● PROBLEM DETAILS:
What do the lines from the one containing "Семена цветов Туя" through the end of the entries say? Quote them exactly, and only them.
━━ LISTED ENTRIES ━━
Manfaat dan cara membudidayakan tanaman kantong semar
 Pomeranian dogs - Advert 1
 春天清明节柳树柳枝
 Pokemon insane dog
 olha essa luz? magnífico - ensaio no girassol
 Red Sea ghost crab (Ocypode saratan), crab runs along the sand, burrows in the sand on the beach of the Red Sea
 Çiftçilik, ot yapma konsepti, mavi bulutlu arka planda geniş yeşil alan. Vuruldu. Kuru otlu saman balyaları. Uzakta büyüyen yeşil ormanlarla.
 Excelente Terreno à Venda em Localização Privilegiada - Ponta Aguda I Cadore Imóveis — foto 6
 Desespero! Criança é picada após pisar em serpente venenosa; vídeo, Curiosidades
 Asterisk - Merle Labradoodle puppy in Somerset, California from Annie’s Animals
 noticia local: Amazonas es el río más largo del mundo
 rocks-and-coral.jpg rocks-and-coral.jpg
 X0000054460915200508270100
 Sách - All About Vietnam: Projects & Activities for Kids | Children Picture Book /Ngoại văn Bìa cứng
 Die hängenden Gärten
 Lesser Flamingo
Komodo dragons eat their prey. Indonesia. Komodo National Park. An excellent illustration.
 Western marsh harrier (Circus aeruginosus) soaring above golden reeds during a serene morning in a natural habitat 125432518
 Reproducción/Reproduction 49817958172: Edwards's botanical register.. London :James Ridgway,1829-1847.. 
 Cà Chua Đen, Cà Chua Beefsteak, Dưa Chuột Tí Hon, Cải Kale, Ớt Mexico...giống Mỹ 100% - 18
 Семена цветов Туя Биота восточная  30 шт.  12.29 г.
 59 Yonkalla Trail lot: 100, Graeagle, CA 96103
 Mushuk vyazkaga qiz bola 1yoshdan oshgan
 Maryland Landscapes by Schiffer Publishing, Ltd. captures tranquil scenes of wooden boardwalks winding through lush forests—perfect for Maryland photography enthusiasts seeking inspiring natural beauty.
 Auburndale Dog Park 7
━━━
● EXERCISE OUTPUT:
 Семена цветов Туя Биота восточная  30 шт.  12.29 г.
 59 Yonkalla Trail lot: 100, Graeagle, CA 96103
 Mushuk vyazkaga qiz bola 1yoshdan oshgan
 Maryland Landscapes by Schiffer Publishing, Ltd. captures tranquil scenes of wooden boardwalks winding through lush forests—perfect for Maryland photography enthusiasts seeking inspiring natural beauty.
 Auburndale Dog Park 7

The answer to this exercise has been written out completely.